In operation of the machine a hydrostatic and/or hydrodynamic pressure field is built under the sliding shoes 14 of the pistons 13, which pressure field compensates for the force exerted by the pistons 13. Surfaces of the sliding shoes 14 and the wobble plate 15, which face toward one another, are separated from one another by a film of pressure fluid. Viscous friction between these surfaces increases with increase of a number of revolutions of the machine. Due to the provision of the recess 16 the viscous friction at a great number of revolutions is reduced. Hydromechanic efficiency of the machine is improved as a result of the reduction of friction between the sliding shoes 14 of the pistons 13 and the contact surface 15' of the wobble plate 15.

FIGS. 3 and 4 shows a radial piston pump in accordance with the present invention. A driving shaft 20 drives a rotor 21. Pistons 23 slide in radial holes 22 of the rotor 21 in sealing contact with surfaces of the holes 22. Sliding shoes 24 of the pistons 23 are supported on a displacement ring 25. The latter has a contact surface 25' in which a recess 26 is formed. The recess 26 has a small depth, and a width which is somewhat smaller than that of the sliding shoes 24. The recess 26 communicates with a low pressure zone or a suction zone of the machine. The recess 26 extends along an angular distance which is somewhat smaller than 180 of arc. In FIGS. 2 and 4, the low pressure zone is identified by reference letters ND and the high pressure zone is identified with reference letters HD. The contact surface 25' of the displacement ring 25 is annular, and the recess 26 is formed in this annular surface.

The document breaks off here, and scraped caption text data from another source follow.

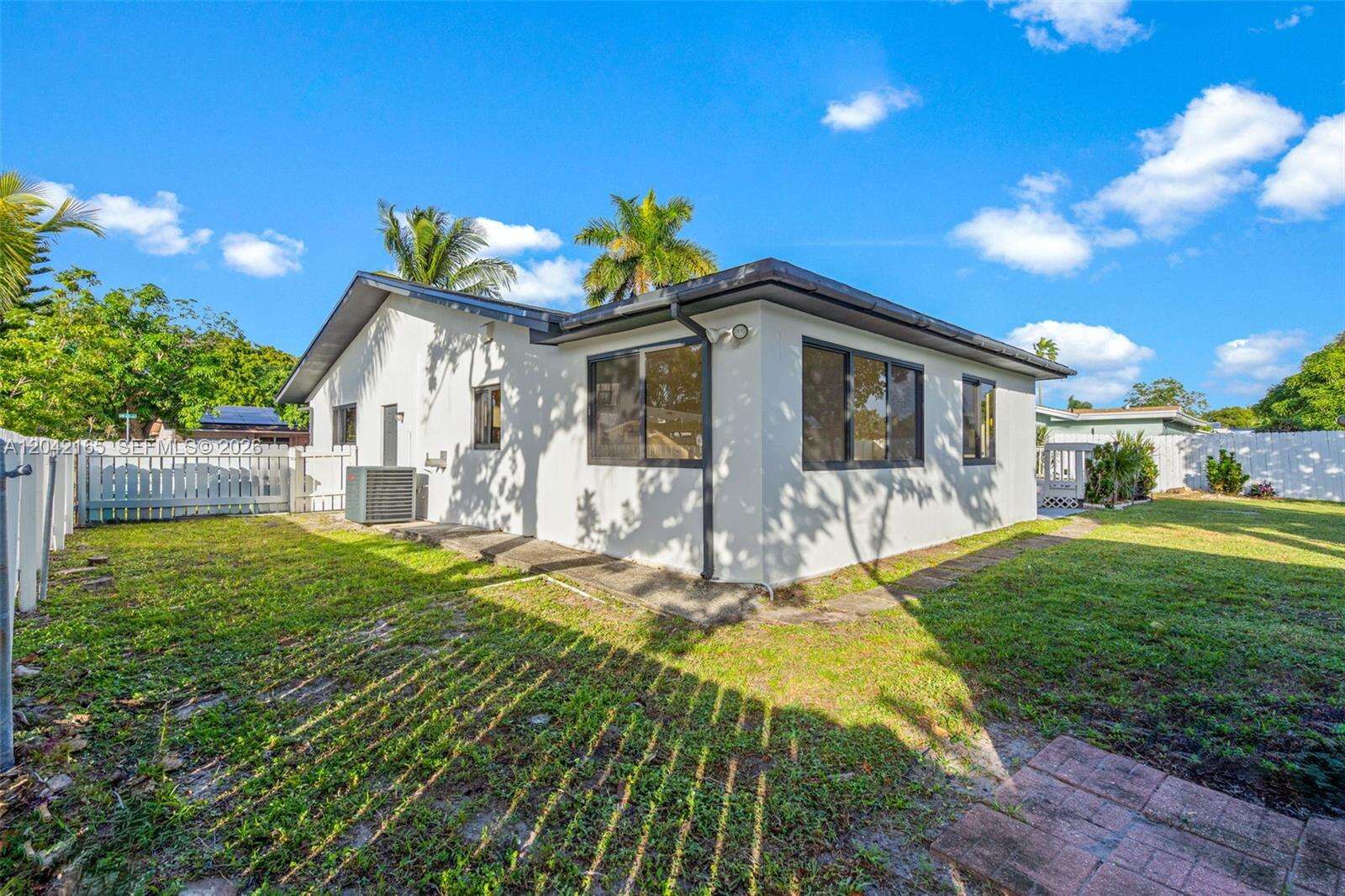 Fort Lauderdale | 3392 63rd St N/A | Picture 47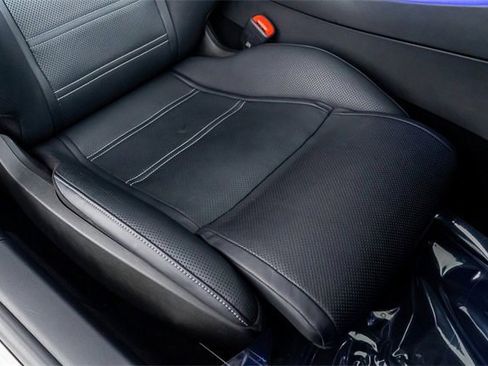 Used 2022 Mercedes-Benz SL 63 AMG 4MATIC w/ AMG Aerodynamic Package image 27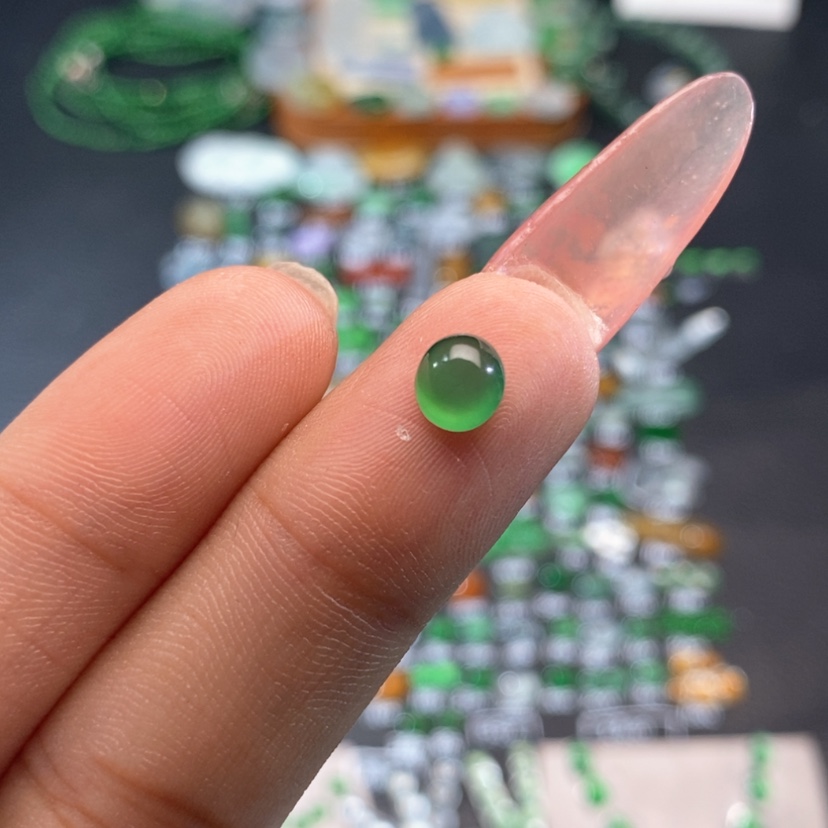 【闪购商品】翡翠挂件未镶嵌蛋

The operation of the radial piston pump in accordance with the invention, which is shown in FIGS. 3 and 4 is not described inasmuch as it is believed to be the same as described hereinabove.

When the sliding shoes of the pistons are subjected to hydrodynamic unloading, it may be advisable to provide such a recess on a contact surface of corresponding displacement elements which communicates both with the low pressure zone and the high pressure zone of the machine. Such a recess is shown in FIG. 5 of the drawing and identified by reference numeral 27. The recess 27 is circumferentially closed.

It will be understood that each of the elements described above, or two or more together, may also find a useful application in other types of constructions, differing from the types described above.

While the invention has been illustrated and described as embodied in a hydrostatic piston machine, it is not intended to be limited to the details shown, since various modifications and structural changes may be made without departing in any way from the spirit of the present invention.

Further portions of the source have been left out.